Six more months for plan to take flight
Sea Rotmann has six more months of uncertainty after Wellington Airport was given as much for its long-lingering runway extension application.
Further down Rotmann’s seaside road, it is six more months of sleepless nights and ‘‘wondering what the hell is going to happen’’ for Martyn Howells.
The Moa Point residents’ lives have been thrown deeper into limbo after the Environment Court agreed to give Wellington Airport six extra months to submit resource consent documents for the hoped-for runway extension into the water of Wellington’s South Coast.
In decision last month, the court made the unusual move of ruling against Guardians Of The Bays – the group opposing the extension – but awarding them costs.
Rotmann, a doctor in marine ecology by trade who has lived on Moa Point Rd for 15 years, supplied an affidavit to the court.
These past few years as the application to extend the runway worked its way through courts has seen her become an expert in legal processes. It seems she could talk in legalese for hours.
She appreciated the court awarding costs but said granting the extension meant more hell for residents. If the airport had been forced to go back to square one, there would have been a break from the constant litigation, she believed.
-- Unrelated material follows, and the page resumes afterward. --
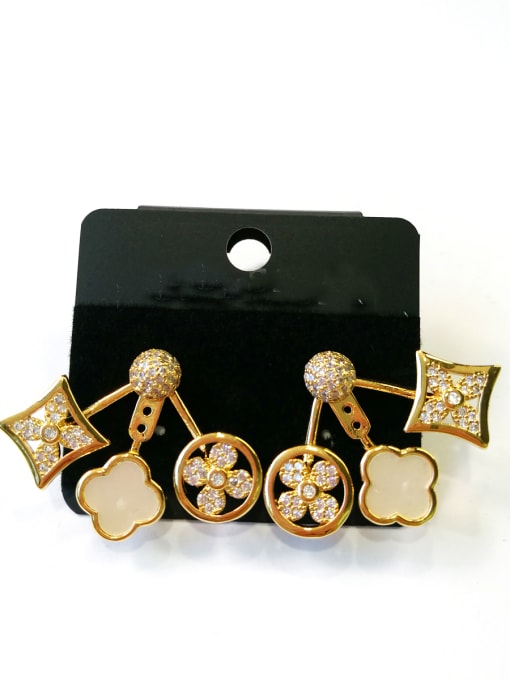 Tabora GODKI Luxury Women Wedding Dubai Copper With Gold Plated Fashion Geometric Earrings 0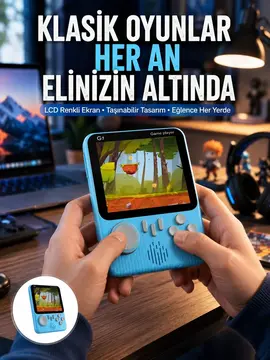 3.5 İnç Mini Atari Taşınabilir Oyun Konsolu 666 Adet Retro Oyun Yeni Nesil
‘‘It would remove stress for us for several years not being involved in litigation.’’
She had planned to live there for the rest of her life and planned to build a ‘‘superefficient hobbit hole’’ in the hill above. Instead, she feels like she is living in The Castle, a cult Australian movie about a man battling an airport that is trying to take his home from him.
‘‘I do feel like this is David versus Goliath.’’ A few homes down, Howells paraphrased a judge: ‘‘The sword of Damocles has been hung over our heads’’.
‘‘It gives you sleepless nights . . . you don’t know where you are going to end up. It’s just the uncertainty.’’
If the runway went ahead, he would likely be allowed to stay in his home but it would mean his view across Cook Strait to the Kaiko¯ura ranges would be replaced by a runway. There would also be years of construction noise.
To Rotmann, the noise would make it either legally, or practically, impossible to stay in the home she hoped to die in.
And the Environment Court has shown some contrition for Rotmann and Howells’ position, in granting the Guardians Of The Bay costs, despite the group losing its case.
‘‘We appreciate that it is unusual to reserve costs in favour of unsuccessful parties; however, their applications were made for understandable reasons . . . They should not have to carry any cost in this situation.’’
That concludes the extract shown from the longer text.